Alcatel Submarine Networks, 406 employés et 16 hectares dédiés à la fibre
Ça y est : le rachat d'Alcatel par Nokia est effectif. Mais subsiste une exception à Calais : ASN, pour Alcatel Submarine Networks, bien qu'il fasse partie du groupe Nokia, reste géré indépendamment, comme une entité séparée. L'occasion rêvée pour dresser le portrait de ce géant de la fibre optique sous-marine.
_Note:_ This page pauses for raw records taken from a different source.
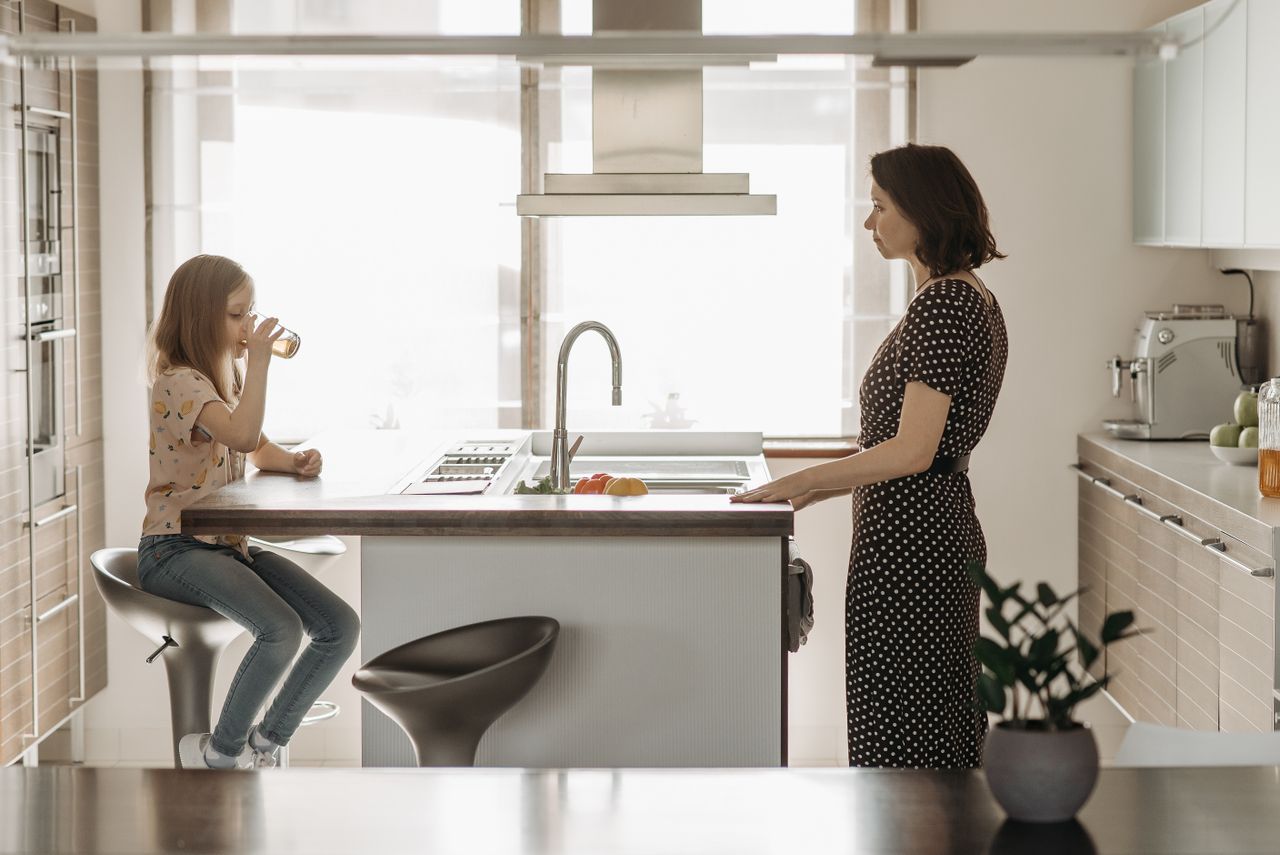 services-02 A mother and daughter share a moment in a bright, modern kitchen with juice and fresh fruit.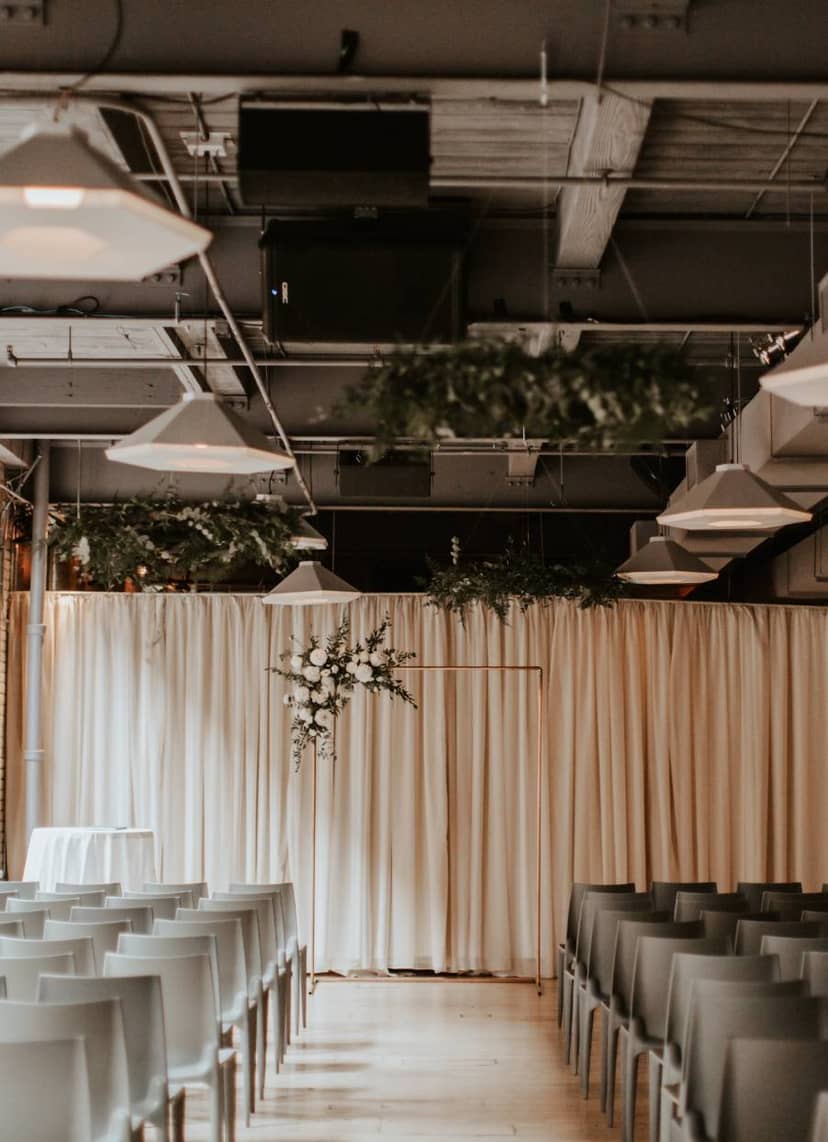 Elegant event space with drapery and floral arrangements, perfect for weddings or corporate events.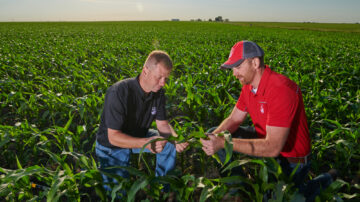 LG Seeds agronomist Jed Norman (right) encourages farmers to think through harvest goals when planning planting order but recognize field conditions can force plans to change.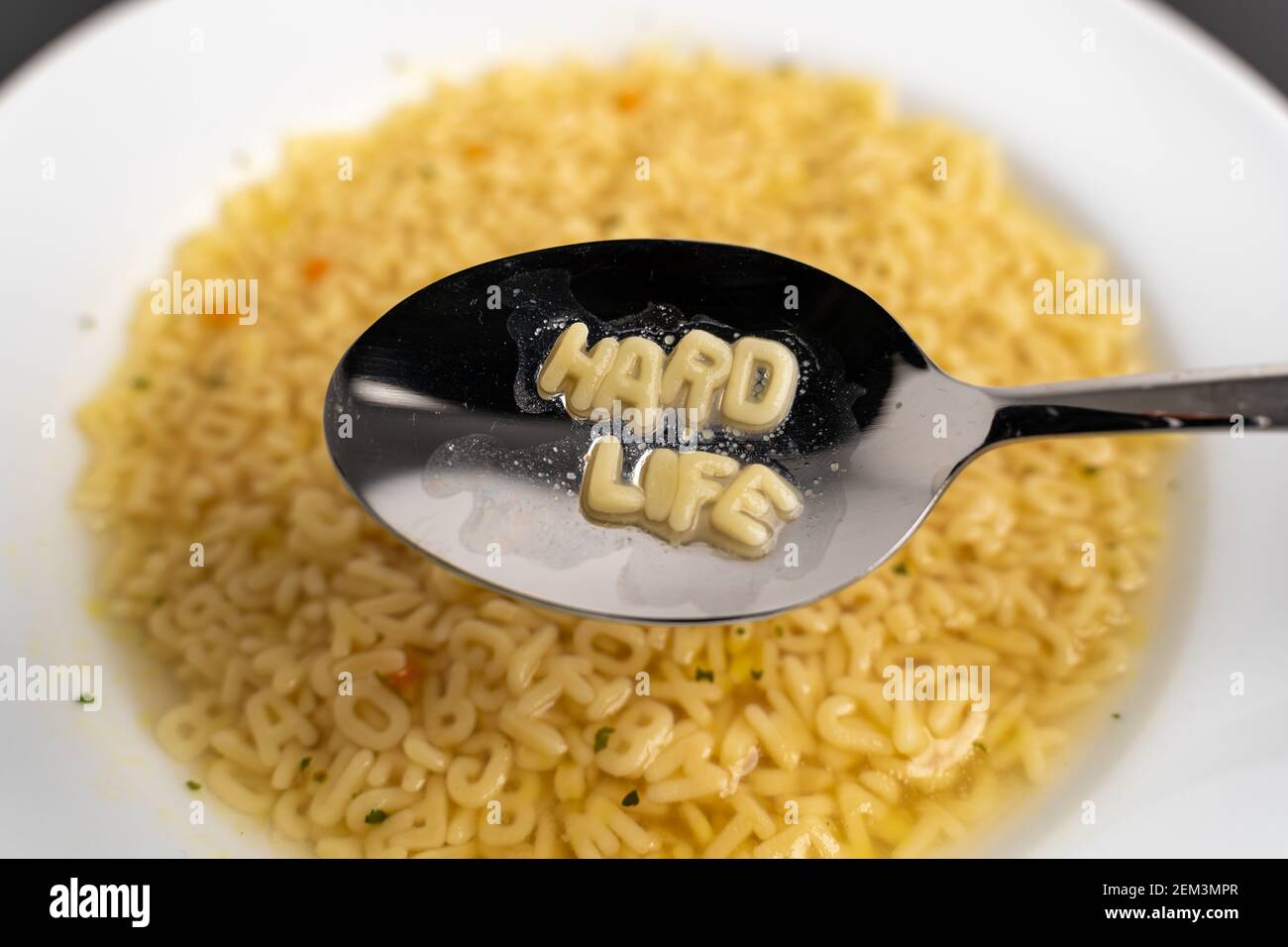 Alphabet soup letters with Hard Life on the spoon, instant easy fast food because of poverty Stock Photo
Fabrication, transport, pose… Sur le site calaisien d’Alcatel Submarine Networks, ce sont 45 000 km de fibre optique sous-marine qui sont posés tous les ans au fond des océans. Des câbles qui nécessitent une technique très particulière à chaque étape du processus. L’entreprise, où travaillent plus de 400 personnes (406 pour être précis, dont 7% de femmes et 8% de personnes en situation de handicap, et 60 employés dans la recherche et le développement), propose 95 métiers différents en son sein. L’usine de câbles a, selon sa directrice Patricia Boulanger, de grandes chances de rester indépendante après la fusion d’Alcatel-Lucent et de Nokia. «Alcatel-Lucent a décidé de continuer l’exploitation de ses activités de câbles sous-marins (ASN) en tant que filiale en propriété exclusive», publiait Alcatel-Lucent sous forme de communiqué, le 6 octobre dernier. Une bonne nouvelle au vu du savoir-faire déployé sur le site calaisien. Rappelons qu’Alcatel-Lucent voulait à l’origine trouver un repreneur pour l’exploitation de sa filière câble, décision sur laquelle le groupe est revenu.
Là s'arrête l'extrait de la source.